The contract is mostly HTTP cache headers the origin sets and the edge obeys:

Cache-Control: public, max-age=31536000, immutable for fingerprinted static.
Cache-Control: public, max-age=60, stale-while-revalidate=600 for stable URLs with periodic updates.
ETag / Last-Modified to enable cheap revalidation (304 Not Modified).
Vary only on headers you truly serve differently on (a careless Vary: Cookie destroys hit rate).
The cache key: URL path + an explicit whitelist of query params; decide which cookies/headers (if any) are part of it.

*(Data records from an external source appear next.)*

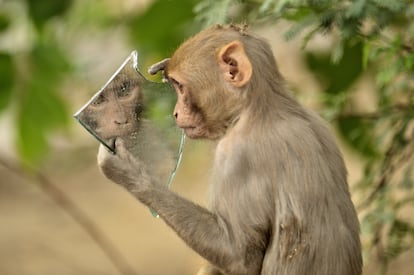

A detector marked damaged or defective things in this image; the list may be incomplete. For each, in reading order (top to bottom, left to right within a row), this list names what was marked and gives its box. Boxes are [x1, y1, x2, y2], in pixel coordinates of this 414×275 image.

broken mirror piece [74, 51, 184, 193]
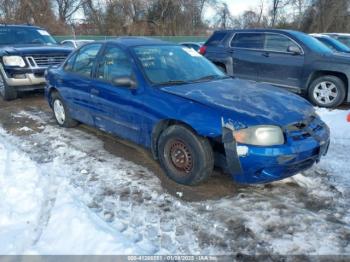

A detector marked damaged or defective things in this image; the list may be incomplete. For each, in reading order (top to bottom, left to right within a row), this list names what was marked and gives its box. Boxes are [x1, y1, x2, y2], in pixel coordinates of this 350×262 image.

damaged front bumper [223, 115, 330, 183]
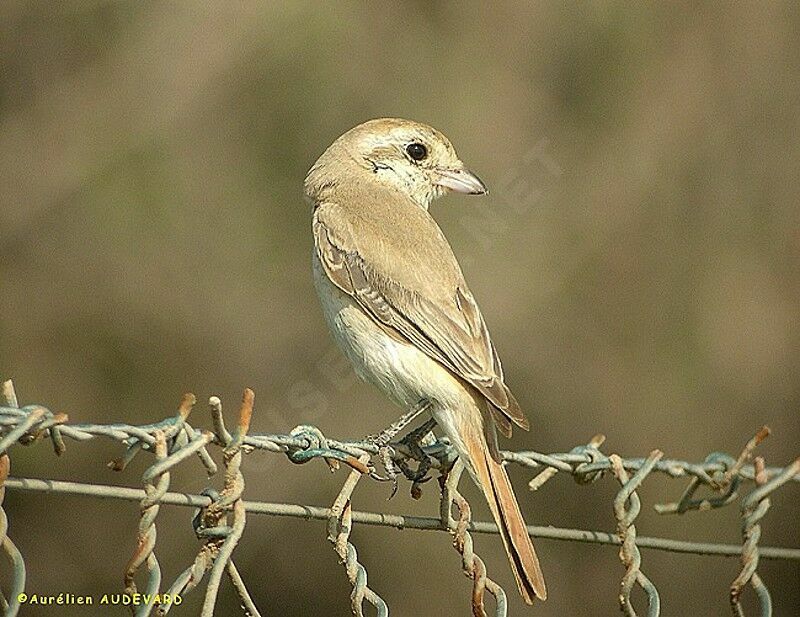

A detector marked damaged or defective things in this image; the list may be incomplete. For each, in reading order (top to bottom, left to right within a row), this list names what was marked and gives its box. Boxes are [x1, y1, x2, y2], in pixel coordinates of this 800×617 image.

rusty barbed wire [0, 376, 796, 616]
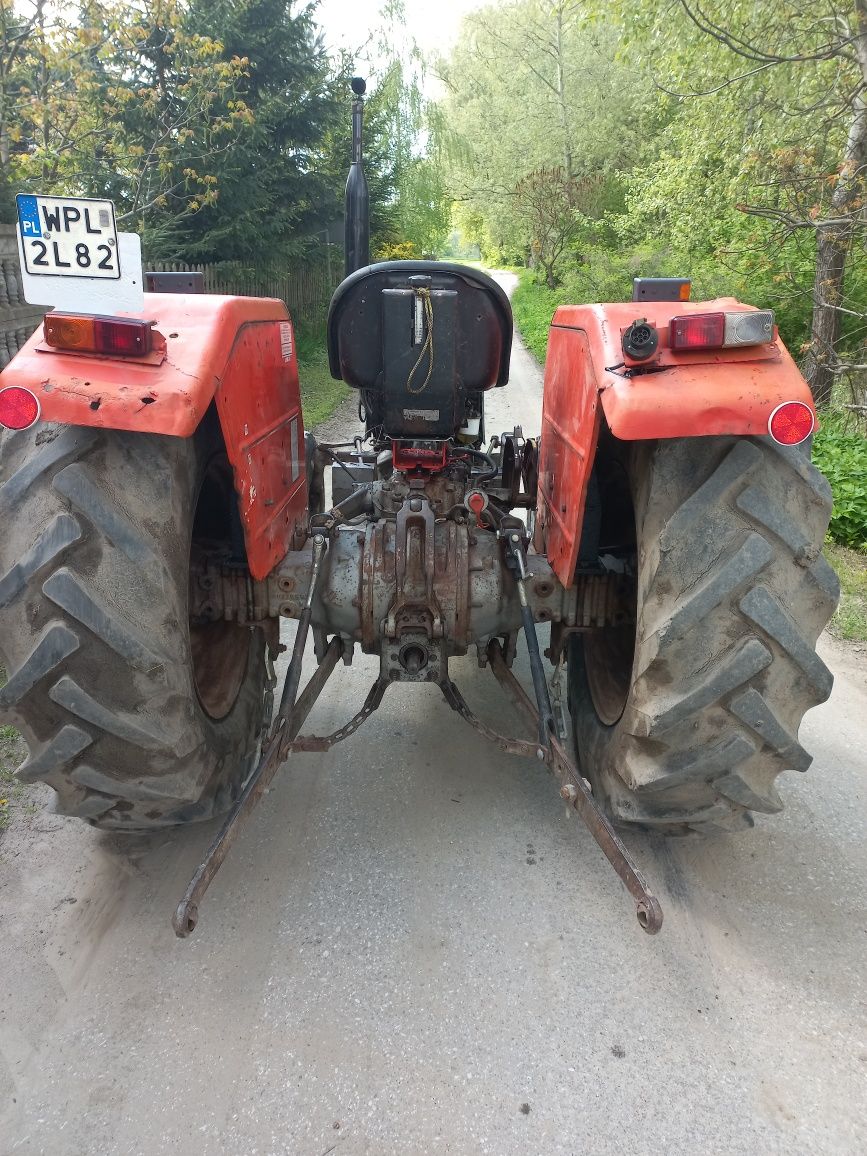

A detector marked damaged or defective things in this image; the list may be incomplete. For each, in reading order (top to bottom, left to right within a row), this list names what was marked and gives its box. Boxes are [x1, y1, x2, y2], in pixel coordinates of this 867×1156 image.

rusty metal component [171, 632, 344, 936]
rusty metal component [488, 640, 664, 936]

Invalidation is a PURGE/invalidation API call or (preferably) a URL version bump. Versioned URLs sidestep the purge-propagation race entirely.

Choosing a provider

Default to the generic recipe above. If the user names a cloud, read references/providers/<provider>.md for the managed-service mapping, quotas/limits, and provider-specific trade-offs. If no file exists for that provider, the generic recipe is the answer.

Diagram

To visualize the edge → shield → origin pull path (and the dashed cold-miss arrow, plus geo-routing from clients to the nearest PoP), use the in-plugin architecture-diagram skill. Sketch the edge nodes in the cache color and the origin in its store color; do not embed Mermaid here.

Related building blocks

caching — owned-concept lives in: invalidation, eviction, TTL, and thundering-herd theory live there; the CDN is the edge tier above the app/distributed cache and alternative to origin reads for static/media.
load-balancing — owned-concept lives in: the geo/anycast routing and origin health checks that send users to the nearest edge.
back-of-the-envelope — feeds into this: supplies the egress, offload %, and latency-payoff numbers that justify a CDN.
data-storage — depends on: the object store that is usually the CDN's origin.
consistency-coordination — alternative to this for data that cannot tolerate any staleness window (serve from origin, not a TTL-based edge).
system-design — pairs with (back-link): the orchestrator that routes here when a design serves static/media at geographic scale.

References

references/deep-dive.md — cache-key normalization, Cache-Control directive semantics, push vs pull mechanics, origin shield / tiered topology, invalidation vs versioning races, multi-CDN, and media-specific delivery (segmented HLS/DASH, range requests, signed URLs). Read when designing the edge layer in detail.
references/providers/{generic,aws,azure,gcp}.md — service mappings, limits, and pitfalls per environment.